12.3.4.1.         the Client can send a substitute delegate; however, the Client must inform TopCo’s customer care department of the substitute delegate’s name and other details;

12.3.4.2.         the Client can select a different Event which delegate(s) may attend: –

(a)   provided the Client notifies TopCo in writing at least 10 (ten) working days prior to the Event;

(b)   the Booking Fee is paid in full; and

(c)    at an additional administration fee of 20% of the Booking Fee.

12.4.       General.

12.4.1.   All cancellations must be communicated in writing.

12.4.2.   Upon cancellation of this agreement for any reason, the Client must deliver to TopCo all originals and copies of materials or Deliverables in its possession, including electronic copies thereof, within five (5) days from the date of cancellation.

13.           BREACH AND TERMINATION

13.1.       If the Client:

13.1.1.   fails to comply with any of its obligations or commits a breach of these Terms and Conditions and fails to remedy the default or breach within five (5) working days after having received a written notice to do so;

13.1.2.   fails to make timeous payment of any amount owing to TopCo for Services in terms of the agreement and / or which were rendered, including the timeous payment of the Deposit;

13.1.3.   resolves to begin business rescue proceedings as contemplated in chapter 6 of the Companies’ Act 71 of 2008;

13.1.4.   is placed in provisional or final liquidation or sequestration, or administration;

13.1.5.   enters into any compromise arrangements with its creditors;

13.1.6.   defers or suspends payment of all or substantially all of its debts or is unable to pay its debts as and when they fall due;

13.1.7.   has judgment entered against it by a Court of competent jurisdiction which has not been satisfied within 30 (thirty) days, unless such Party has taken reasonable steps for the rescission of that judgment, whether by way of appeal, review or other competent procedure, and that execution of the judgment has been stayed for the time being;

13.1.8.   is subject to anything analogous to any of the foregoing under the law of any jurisdiction,

TopCo will be entitled either:

13.1.9.   to hold the Client in breach of these Terms and Conditions; or

13.1.10.to cancel the agreement.

13.2.       The provisions of this clause will not affect the rights of TopCo to seek legal redress including a claim of damages in respect of a breach of any of the provisions of these Terms and Conditions, or specific performance, with the Client to pay the costs of suit on the scale as between attorney and own client.

14. JURISDICTION

  • These Terms and Conditions are governed by and construed in accordance with the law of the Republic of South Africa; the Client and TopCo both agree to submit any dispute arising out of the use of the Services to the exclusive jurisdiction of the courts of the Republic of South Africa.

15. GENERAL

These Terms and Conditions contain the record of the entire agreement between the Client and TopCo in respect of the in respect of access to and use of the Services.

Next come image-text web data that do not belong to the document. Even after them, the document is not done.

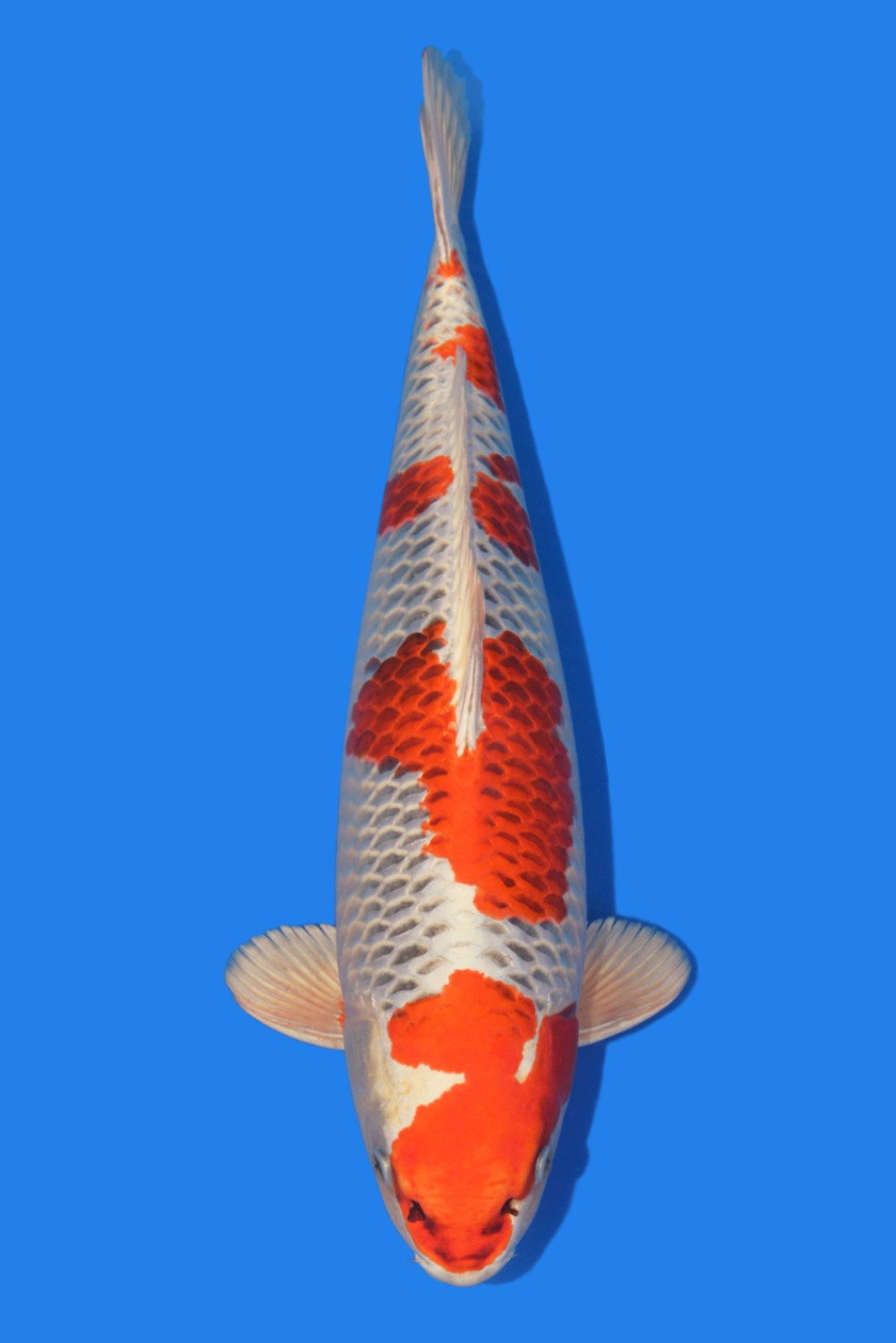 Juara 4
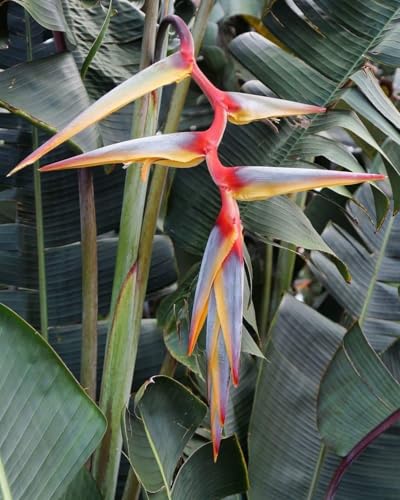 Seeds Ville Heliconia Imported Flower Bulbs Pack of 2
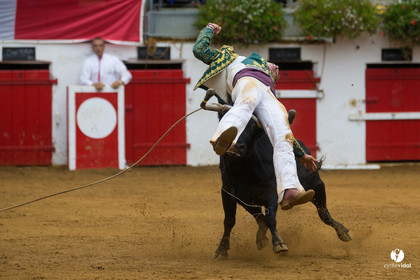 Nogaro Championnatde France de Course Landaise 2017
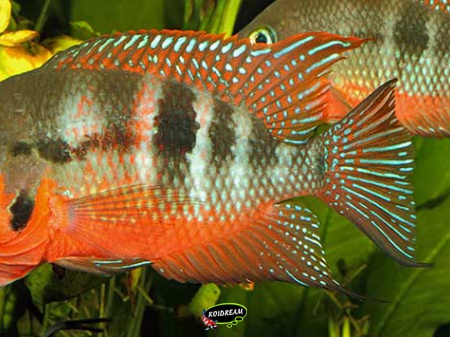 Cichlasoma Meeki - vuurkeelcichlide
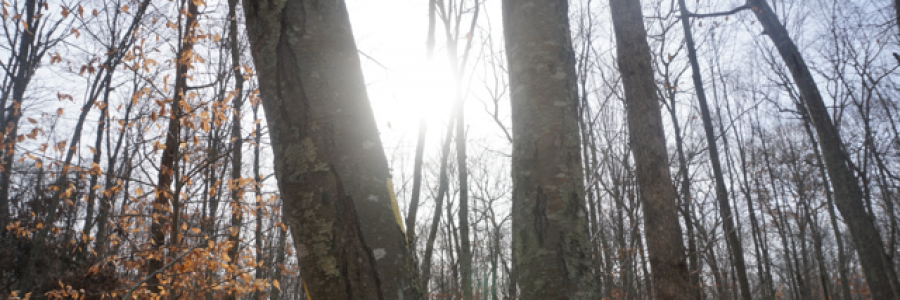 Cover image for post Forever, by Ken_W_Writer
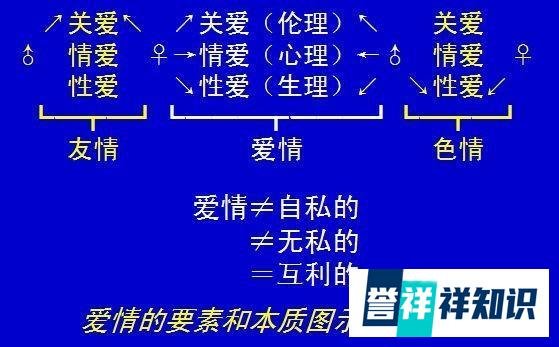 关于爱情的定义爱情?
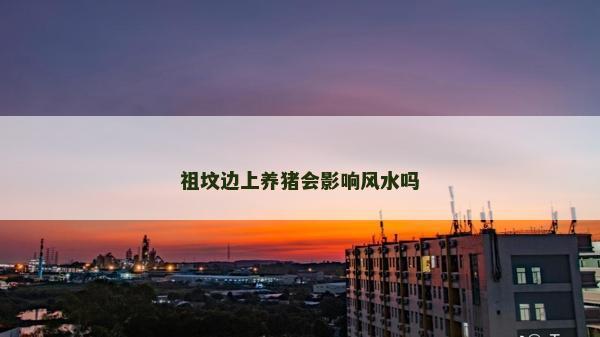 祖墳邊上養豬會影響風水嗎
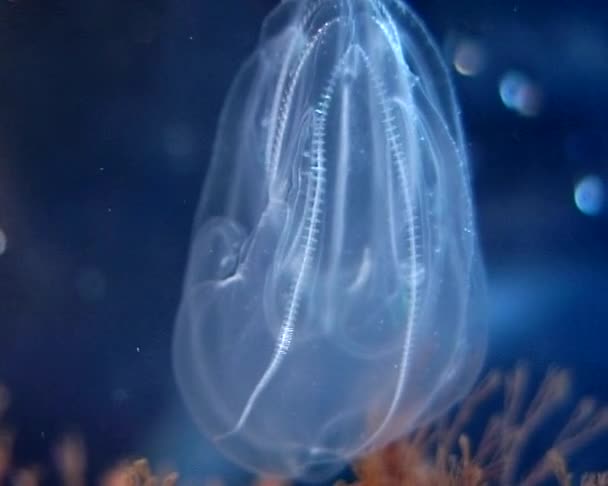 Ctenóforos Pente Invasor Para Mar Negro Medusa Mnemiopsis Leidy Ucrânia — Vídeo de Stock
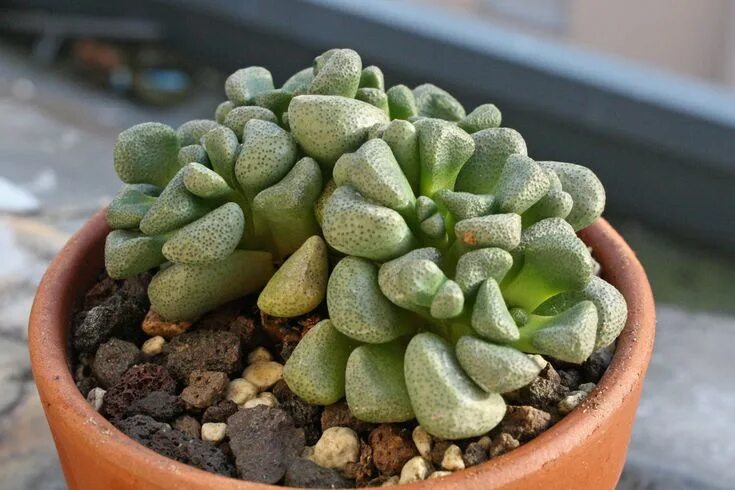 Крассула виды с фото и названиями Crassula mesembrianthemopsis Succulents, Exilis, Plants
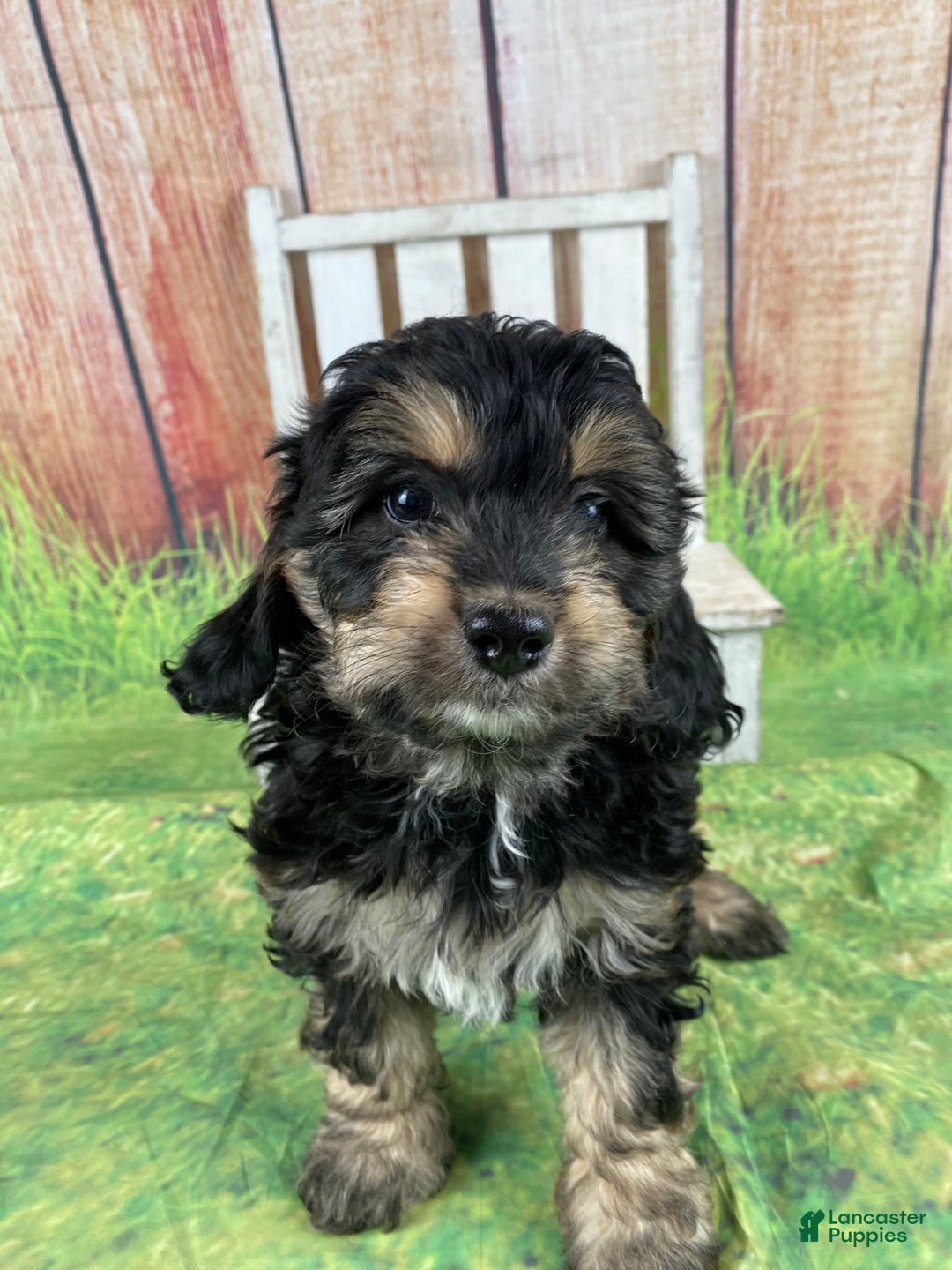 Cavapoo dogs for sale: Lily - Ad 5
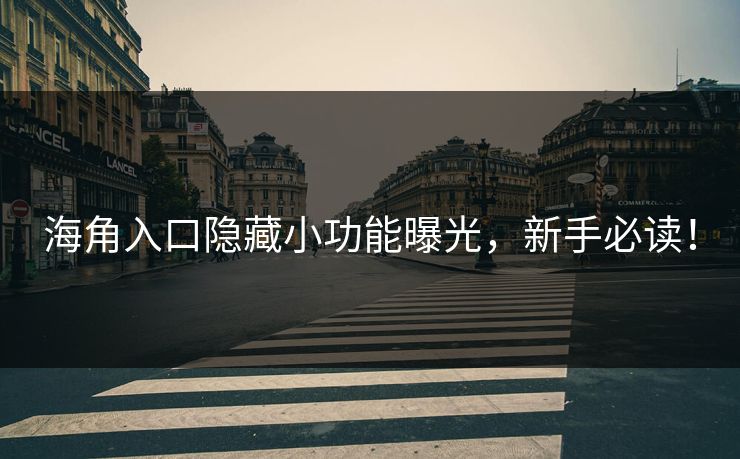 海角入口隐藏小功能曝光，新手必读！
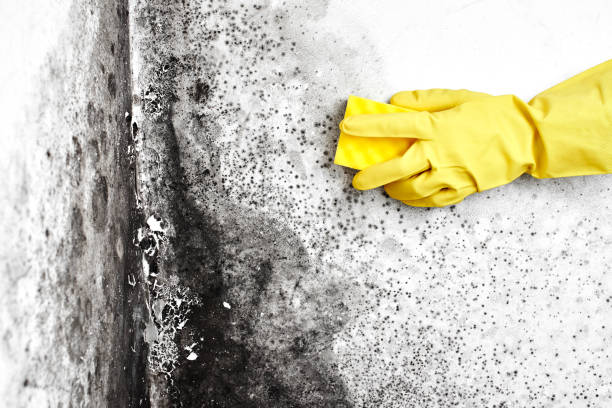 Best Fast Mold Removal  in Sun Village, CA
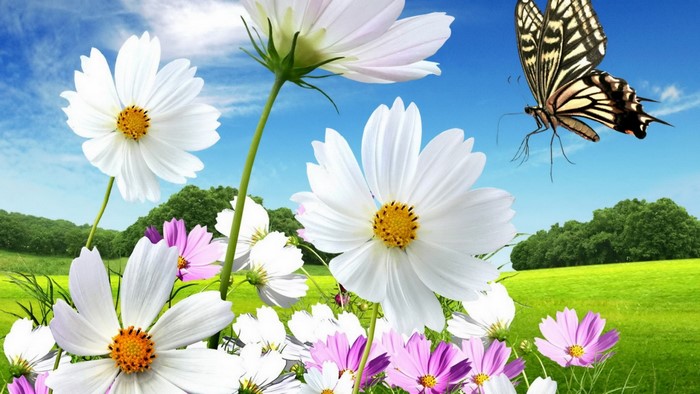 Spring Meadow with Flowers and Butterfly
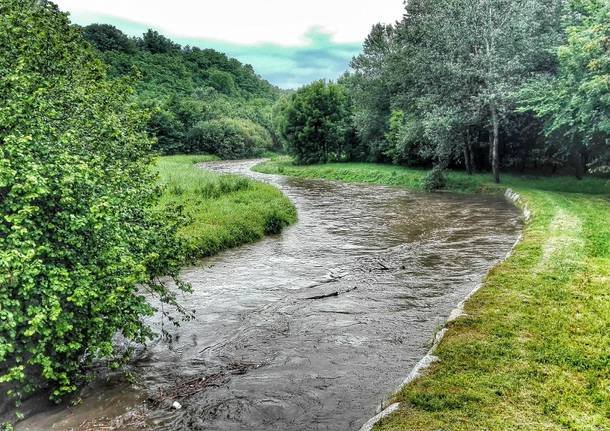 Olona in piena: la fotosequenza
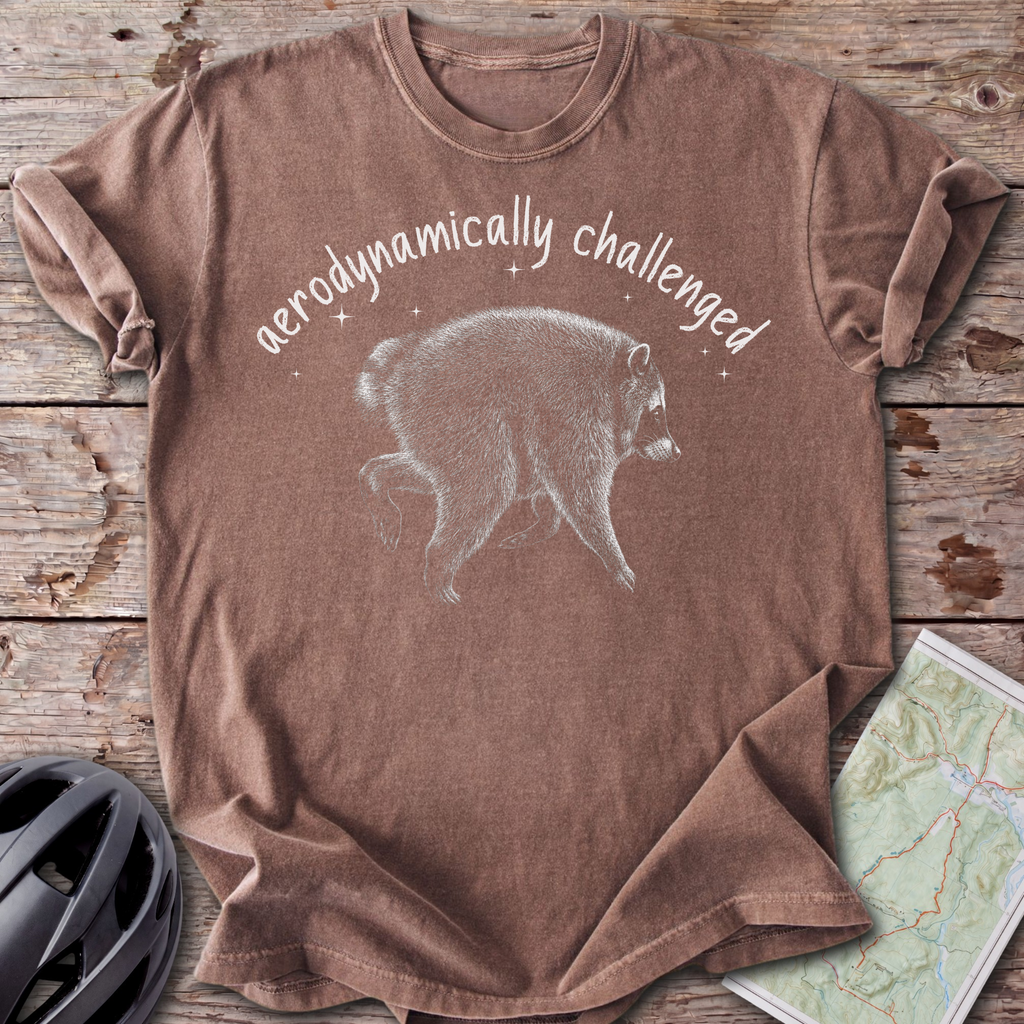 Aerodynamically Challenged T-shirt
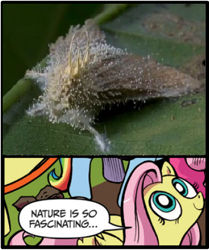 Size: 395x473 | Tagged: safe, edit, idw, imported from derpibooru, fluttershy, moth, pegasus, pony, cordyceps, exploitable meme, female, fungus, mare, meme, nature is so fascinating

15.1.       The addresses where the Client will accept service of any notices or other communications under this Terms and Conditions is as per  the information that the Client provided to TopCo when accepting the Services.

15.2.      If any provision of these Terms and Conditions is found to be invalid by any court having competent jurisdiction, the invalidity of that provision will not affect the validity of the remaining provisions which will remain in full force and effect.

15.3.     TopCo’s omission to exercise any right under these Terms and Conditions will not constitute a waiver of any such right unless expressly accepted by TopCo in writing.

15.4.       If the whole or any part of a provision of these Terms and Conditions is void or voidable by either party or unenforceable or illegal, the whole or that part (as the case may be) of that provision, must be severed, and the remainder of the Terms and Conditions will have full force and effect, provided such severance does not alter the nature of the agreement between the parties.

15.5.       The signatories hereto acting in representative capacities warrant that they are authorised to act in such capacities and accept personal liability under this agreement should they prove not to be so authorised.